Friday 17 July 2015

Joiner Transformation

Joiner Transfomation:
  • Connected and Active Transformation
  • Used to join source data from two related heterogeneous sources residing in Different locations or file systems. Or, we can join data  from the same source.
  • If we need to join 3 tables, then we need 2 Joiner Transformations.
  • The Joiner transformation joins two sources with at least one matching port. The Joiner transformation uses a condition that matches one or more pairs of Ports between the two sources.

Creating Joiner Transformation:


Follow the below steps to create a joiner transformation in informatica

  • Go to the mapping designer, click on the Transformation->Create.
  • Select the joiner transformation, enter a name and click on OK.
  • Drag the ports from the first source into the joiner transformation. By default the designer creates the input/output ports for the source fields in the joiner transformation as detail fields.
  • Now drag the ports from the second source into the joiner transformation. By default the designer configures the second source ports as master fields.
  • Edit the joiner transformation, go to the ports tab and check on any box in the M column to switch the master/detail relationship for the sources.
  • Go to the condition tab, click on the Add button to add a condition.
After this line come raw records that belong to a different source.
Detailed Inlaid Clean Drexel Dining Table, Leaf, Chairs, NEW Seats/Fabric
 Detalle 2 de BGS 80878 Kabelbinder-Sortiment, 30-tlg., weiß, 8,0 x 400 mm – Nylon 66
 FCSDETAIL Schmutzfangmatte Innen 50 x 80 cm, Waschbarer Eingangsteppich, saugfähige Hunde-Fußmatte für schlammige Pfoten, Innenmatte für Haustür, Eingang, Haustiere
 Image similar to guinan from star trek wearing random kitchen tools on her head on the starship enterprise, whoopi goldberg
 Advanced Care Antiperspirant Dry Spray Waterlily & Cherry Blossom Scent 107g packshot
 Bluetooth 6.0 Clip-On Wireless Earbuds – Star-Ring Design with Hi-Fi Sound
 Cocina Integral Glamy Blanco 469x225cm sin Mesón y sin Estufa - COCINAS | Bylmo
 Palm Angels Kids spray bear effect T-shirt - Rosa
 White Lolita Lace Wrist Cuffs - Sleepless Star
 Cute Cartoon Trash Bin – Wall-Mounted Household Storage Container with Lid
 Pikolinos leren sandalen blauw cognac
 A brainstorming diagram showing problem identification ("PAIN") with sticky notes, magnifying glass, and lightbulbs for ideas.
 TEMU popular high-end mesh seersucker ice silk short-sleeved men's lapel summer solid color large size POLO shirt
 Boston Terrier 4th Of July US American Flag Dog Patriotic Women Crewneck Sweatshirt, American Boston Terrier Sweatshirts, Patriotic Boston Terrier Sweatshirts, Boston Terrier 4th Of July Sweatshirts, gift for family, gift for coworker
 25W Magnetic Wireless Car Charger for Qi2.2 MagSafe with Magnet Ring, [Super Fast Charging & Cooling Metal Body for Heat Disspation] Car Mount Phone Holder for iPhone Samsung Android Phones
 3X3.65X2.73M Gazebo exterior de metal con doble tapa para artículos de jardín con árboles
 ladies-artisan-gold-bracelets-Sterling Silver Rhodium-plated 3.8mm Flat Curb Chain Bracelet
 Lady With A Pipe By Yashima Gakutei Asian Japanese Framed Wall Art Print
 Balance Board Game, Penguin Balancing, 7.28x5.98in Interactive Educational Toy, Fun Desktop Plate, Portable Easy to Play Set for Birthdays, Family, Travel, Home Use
You can add multiple conditions.
  • Go to the properties tab and configure the properties of the joiner transformation.

Configuring Joiner Transformation


Configure the following properties of joiner transformation:

  • Case-Sensitive String Comparison: When performing joins on string columns, the integration service uses this option. By default the case sensitive string comparison option is checked.
  • Cache Directory: Directory used to cache the master or detail rows. The default directory path is $PMCacheDir. You can override this value.
  • Join Type: The type of join to be performed. Normal Join, Master Outer Join, Detail Outer Join or Full Outer Join.
  • Tracing Level: Level of tracing to be tracked in the session log file.
  • Joiner Data Cache Size: Size of the data cache. The default value is Auto.
  • Joiner Index Cache Size: Size of the index cache. The default value is Auto.
  • Sorted Input: If the input data is in sorted order, then check this option for better performance.
  • Master Sort Order: Sort order of the master source data. Choose Ascending if the master source data is sorted in ascending order. You have to enable Sorted Input option if you choose Ascending. The default value for this option is Auto.
  • Transformation Scope: You can choose the transformation scope as All Input or Row.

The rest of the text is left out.